Because of the weak performance of the first solution, I have defined the second solution. I have defined a pipeline with annotators: tokenize, ssplit. I looked for keywords in each sentence and, if they were present, I have created an annotation only for this sentence and run next annotators on it: ParserAnnotator, BinarizerAnnotator and SentimentAnnotator.

The results were really unsatisfying because of ParserAnnotator. Even if I initialized it with the same properties. Sometimes it took even more time than entire pipeline run on a document in Approach 1.

List<String> keywords = ...;
String text = ...;
Map<Integer,Integer> sentenceSentiment = new HashMap<>();

Properties props = new Properties();
props.setProperty("annotators", "tokenize, ssplit"); // parsing, sentiment removed
props.setProperty("parse.maxlen", "20");
props.setProperty("tokenize.options", "untokenizable=noneDelete");
StanfordCoreNLP pipeline = new StanfordCoreNLP(props);

// initiation of annotators to be run on sentences
ParserAnnotator parserAnnotator = new ParserAnnotator("pa", props);
BinarizerAnnotator  binarizerAnnotator = new BinarizerAnnotator("ba", props);
SentimentAnnotator sentimentAnnotator = new SentimentAnnotator("sa", props);

Annotation annotation = pipeline.process(text); // takes <100 ms
List<CoreMap> sentences = annotation.get(CoreAnnotations.SentencesAnnotation.class);
for (int i=0; i<sentences.size(); i++) {
    CoreMap sentence = sentences.get(i);
    if(sentenceContainsKeywords(sentence,keywords) {
        // code required to perform annotation on one sentence
        List<CoreMap> listWithSentence = new ArrayList<CoreMap>();
        listWithSentence.add(sentence);
        Annotation sentenceAnnotation  = new Annotation(listWithSentence);

        parserAnnotator.annotate(sentenceAnnotation); // takes 50 ms up to 2 seconds!!!!
        binarizerAnnotator.annotate(sentenceAnnotation);
        sentimentAnnotator.annotate(sentenceAnnotation);
        sentence = sentenceAnnotation.get(CoreAnnotations.SentencesAnnotation.class).get(0);

        int sentiment = RNNCoreAnnotations.getPredictedClass(sentence.get(SentimentCoreAnnotations.SentimentAnnotatedTree.class));
        sentenceSentiment.put(sentence,sentiment);
    }
}

Questions

  1. I wonder why parsing in CoreNLP is not "lazy"? (In my example that would mean: performed only when sentiment on a sentence is called). Is it from performance reasons?

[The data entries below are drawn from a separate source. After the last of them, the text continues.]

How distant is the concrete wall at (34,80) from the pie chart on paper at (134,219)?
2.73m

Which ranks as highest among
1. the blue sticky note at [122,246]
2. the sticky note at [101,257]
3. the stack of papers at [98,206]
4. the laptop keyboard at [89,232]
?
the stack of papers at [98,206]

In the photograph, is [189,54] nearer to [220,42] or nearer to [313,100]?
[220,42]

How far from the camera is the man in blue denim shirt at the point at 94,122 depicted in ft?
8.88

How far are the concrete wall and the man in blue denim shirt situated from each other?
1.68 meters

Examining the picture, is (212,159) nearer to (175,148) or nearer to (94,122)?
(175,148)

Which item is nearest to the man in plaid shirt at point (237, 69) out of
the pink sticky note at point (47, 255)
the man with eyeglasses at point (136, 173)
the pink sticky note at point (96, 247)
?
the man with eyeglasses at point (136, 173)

  2. How come a parser for one sentence can work almost as long as a parser for entire article (my article had 7 sentences)? Is it possible to configure it in a way that it works faster?

1

There are 1 answers

2
Jon Gauthier On BEST ANSWER

If you're looking to speed up constituency parsing, the single best improvement is to use the new shift-reduce constituency parser. It is orders of magnitude faster than the default PCFG parser.

Answers to your later questions:

  1. Why is CoreNLP parsing not lazy? This is certainly possible, but not something that we've implemented yet in the pipeline. We likely haven't seen many use cases in-house where this is necessary. We will happily accept a contribution of a "lazy annotator wrapper" if you're interested in making one!
  2. How come a parser for one sentence can work almost as long as a parser for an entire article? The default Stanford PCFG parser is cubic time complexity with respect to the sentence length. This is why we usually recommend restricting the maximum sentence length for performance reasons. The shift-reduce parser, on the other hand, runs in linear time with respect to the sentence length.